Can listen to tunes while travelling, can take it out and about without worrying about keeping it charged. I'm happy to leave the smartphone at home and go offline for a week or so, but still have something that lets me keep in touch by voice...and if it gets lost or stolen then I've lost £20-worth of hardware rather than £££££-s-worth of smartphone
I often used my old clam shell's built in voice recorder to make notes. Open it with one hand, dial #34, speak, stop. My posh Samsung S3 has a recorder too, involving lengthy menu navigation using both eyes, both hands and brain to focus on a screen you can't see in sunlight. Never use it. Smart phones went to far in giving up hard keys altogether.
Oh and sound play back is speaker only, so no privacy in a quiet, open office. Progress!
Wonder if "Nokia" is doing the old Ringo trick? Released a dirt-cheap phone for 1G networks (NMT system - one radio transceiver in the base station for each connection!) maybe to breathe a bit more time in the old analog system. Nokia made infrastructure for it.
When I was at Nokia in mid-200's we were told by Sari Baldauf no less that 2G was expected to be extinct by 2010. Well, that might be the plan in Europe to phase it out soon - hence the phone not available in Europe, but in the countries mentioned in the article, maybe there's still seen life in the old dog, yet...

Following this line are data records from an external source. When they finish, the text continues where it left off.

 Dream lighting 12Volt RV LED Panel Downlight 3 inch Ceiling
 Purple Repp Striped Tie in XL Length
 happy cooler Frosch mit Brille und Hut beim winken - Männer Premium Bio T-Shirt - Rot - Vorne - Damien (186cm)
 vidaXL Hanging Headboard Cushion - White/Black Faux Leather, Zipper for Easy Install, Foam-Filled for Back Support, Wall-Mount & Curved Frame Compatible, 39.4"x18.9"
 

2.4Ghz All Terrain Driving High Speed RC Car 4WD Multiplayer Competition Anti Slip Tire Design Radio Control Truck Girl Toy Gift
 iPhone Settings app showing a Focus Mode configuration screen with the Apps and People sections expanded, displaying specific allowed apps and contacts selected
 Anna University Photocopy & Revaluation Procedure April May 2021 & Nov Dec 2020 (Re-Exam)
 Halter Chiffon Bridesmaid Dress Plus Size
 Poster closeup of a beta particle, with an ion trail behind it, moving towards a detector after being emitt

Not even 3G? I'm just surprised, some networks already are going 3G-only.
3 of course was built out 3G-only; AT&T has areas where they had to turn off all GSM to run one 3G channel, so they did (in those areas); some of the Canadian carriers went directly from CDMA+EVDO to "GSM path", but to HSPA (no GSM whatsoever.) US and Canada use different bands but excluding those I would hope for 1800/1900 GSM+3G and 2100 3G.
Otherwise, having a phone that plays music and makes calls for a low price, it's not glamorous but it should sell phones.
In VietNam and Cambodia parents give children far more latitude to 'do their thing', as is used to be before Nannies took over governing Britain or the USA. When I was young, I and my brothers roamed all over the area centred on the BBC transmitter at Brookmans Park and was measured in miles.
We often left the house early in the day only to return late in the afternoon when our stomachs were calling.
So it is today in Indochina. My daughter is free to go wherever she wishes in Ban Ma Thuot, Central Highlands, VietNam, a city of 1-million souls, with her Mother and I completely free of worry.
The secret is the cell handset. She can call when she wishes as can we.
The problem with today's handsets is the ease of dialling long distance/international calls. Providing a short, owner-entered, authorised calling numbers would add enormously to the value of this Nokia product.
Remember, in a country where the minimum wage is USD$50 per month, even a $25 Nokia dumb-phone represents a sizeable hit on a families budget.